Ia juga mengangkat pertanyaan tentang relevansi buku ini dengan Indonesia. "Sebagai negara dengan keragaman luar biasa, Indonesia memiliki praktik unik seperti gotong royong dalam membesarkan anak. Peran komunitas sangat penting dalam mendukung pengasuhan anak," katanya.

Anies mencontohkan, ide memberikan kemandirian sejak dini dapat menjadi inspirasi, tetapi perlu disesuaikan dengan konteks keamanan, keselamatan, dan infrastruktur di Indonesia.

"Dalam hal pendidikan, kita juga dapat belajar dari Finlandia untuk merancang kurikulum yang lebih seimbang. Apakah beban pekerjaan rumah untuk anak-anak kita sudah sesuai atau justru terlalu berat? Apakah mereka memiliki waktu bermain dan istirahat yang cukup sehingga proses belajar menjadi optimal?" tanya Anies.

Namun, ia kembali mengingatkan pentingnya kehati-hatian dalam membaca buku ini. "Walaupun buku ini sangat bagus dan penting, jangan langsung mengadopsi praktik asing tanpa mempertimbangkan konteks budaya Indonesia. Keragaman Indonesia sendiri perlu menjadi perhatian utama," ujar Anies.
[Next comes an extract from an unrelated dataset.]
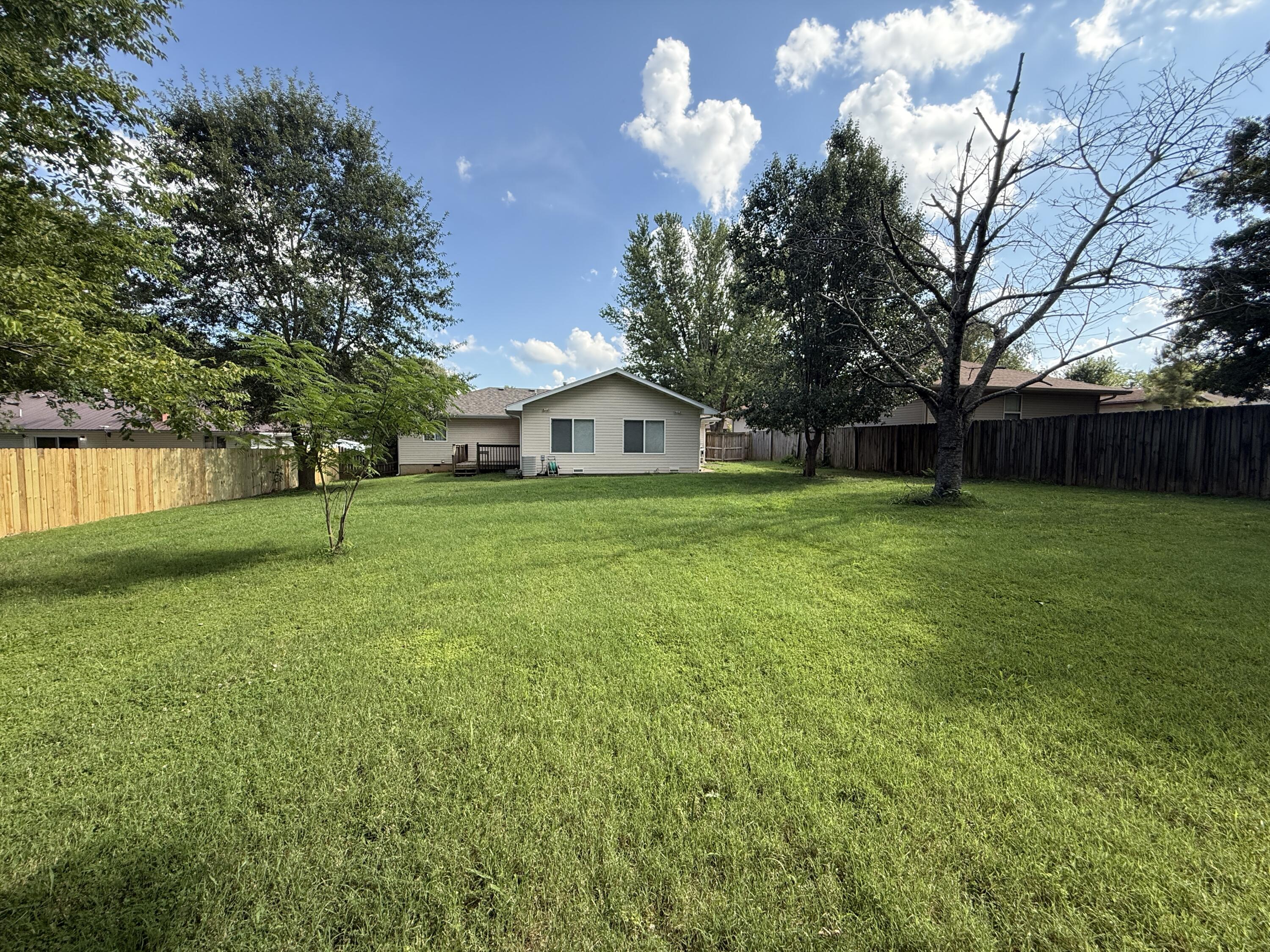 939 East Redbud Lane Property Photo 17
Menurutnya, apa yang cocok dan berhasil di kawasan urban belum tentu cocok di pedesaan. Oleh karena itu, setiap praktik harus disesuaikan dengan konteks lokal.

Intinya, buku ini berhasil merefleksikan berbagai praktik pengasuhan anak di seluruh dunia. Pada akhirnya, pesan utama buku ini adalah bahwa tidak ada satu teknik pengasuhan yang benar. Yang terpenting adalah kreativitas dan fleksibilitas dalam membesarkan anak.